In dieser Zeit trat eine weitere wichtige Entwicklung in der Geschichte der Bruderschaften ein. Eine Gebetsbruderschaft aus dem 11. Jahrhundert war die „St.-Vitus-Bruderschaft“ in Goslar. Ihre Hauptaufgabe war das Gebetsgedenken der verstorbenen Brüder und die Armenspeisung. Hier tritt nun zum ersten Mal die caritative Bedeutung der Bruderschaften in den Blick, die Sorge für die Armen. Für die weitere Entwicklung der Bruderschaften bis zum heutigen Tag, ist diese Aufgabe bedeutend geworden und geblieben.
Ein letzter wichtiger Gesichtspunkt, um die Geschichte der Bruderschaften zu verstehen, ist die Bedeutung von Pfarreien und Kirchen, für das Entstehen von Bruderschaften. Sie entstanden vorwiegend in den Städten, indem sie sich an die eine oder andere Pfarrei oder Ordenskirche am Ort anschlossen und hier ihr eigentliches und geistliches Zentrum hatten. Ein Höhepunkt im Leben der Bruderschaft bildete die Jahresgedächtnisfeier mit dem Jahreshauptgottesdienst der Bruderschaft zu einem bestimmten Termin, der meist mit dem Patronat der Bruderschaft zusammenfiel. Nach dieser heiligen Messe, trafen sich dann die Mitglieder zum Bruderschaftsmahl, sodass auch dem Gemeinschaftscharakter untereinander eine besondere Bedeutung beigemessen wurde. Der geschichtliche Grundriss der kirchlichen Bruderschaften und seiner wichtigsten Charakteristika, sind nun zusammengefasst worden. Die wichtigsten Anliegen der Bruderschaften, das Gebet für die lebenden und verstorbenen Mitglieder der Bruderschaft und die Fürsorge für die Armen, sind deutlich hervorgetreten. Man kann mit Recht sagen, dass Bruderschaften ihrem Wesen nach immer kirchlich waren und sind.

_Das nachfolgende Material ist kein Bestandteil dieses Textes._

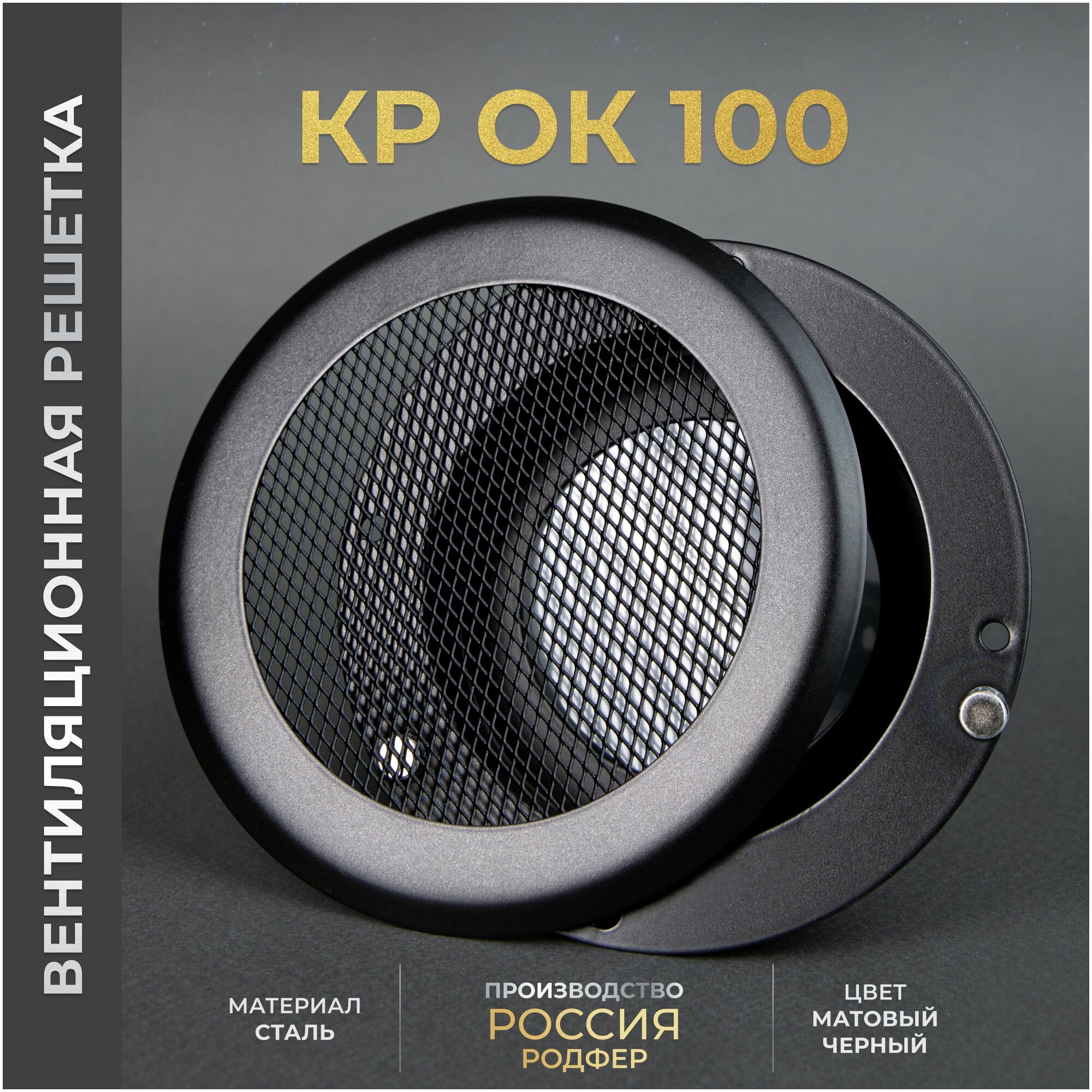 фото Вентиляционная решетка на магнитах 100x100 мм. съемная (100КРОК черная), металлическая, от производителя Родфер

Zur Vollständigkeit sei noch die Entwicklung der Bruderschaften von der Reformation bis zur Neuzeit dargestellt. In den, von der Reformation betroffenen Gebieten, gingen die Bruderschaften aufgrund von Verboten und Auflösungen durch die neue Obrigkeit unter. Auch die nachfolgende Aufklärung und die durch sie ausgelöste Säkularisierung bzw. die Gedankenströmungen des Humanismus schafften nur wenig Raum, für ein Erstarken bzw. einer Wiederbelebung des christlich-kirchlichen Bruderschaftsgedankens. In katholisch regierten Gebieten wandelten sich die Bruderschaften zu Vereinen der Volksfrömmigkeit und waren nach dem Erblühen in der Barockzeit nur noch im liturgischen Bereich anzusiedeln. So entstanden neue Bruderschaften zum „Herzen Jesu“, zum „Hl. Josef“, besonders auch zur Mutter Gottes und anderen Heiligen. Die Bruderschaften wurden in der Folgezeit mehr und mehr verzweckt und dienten der kirchlichen Sozialisation und der religiösen Erziehung in erheblichem Maße. Die ursprüngliche Art von Bruderschaften ist nur noch in historischen Gebetsbruderschaften und den historischen Schützenbruderschaften erhalten geblieben. Jedoch bleiben die bestehenden, mittelalterlichen und neuzeitlichen Bruderschaften für die Geschichte der christlichen Frömmigkeit, Mentalität und der religiösen Volkskunde von großer Bedeutung.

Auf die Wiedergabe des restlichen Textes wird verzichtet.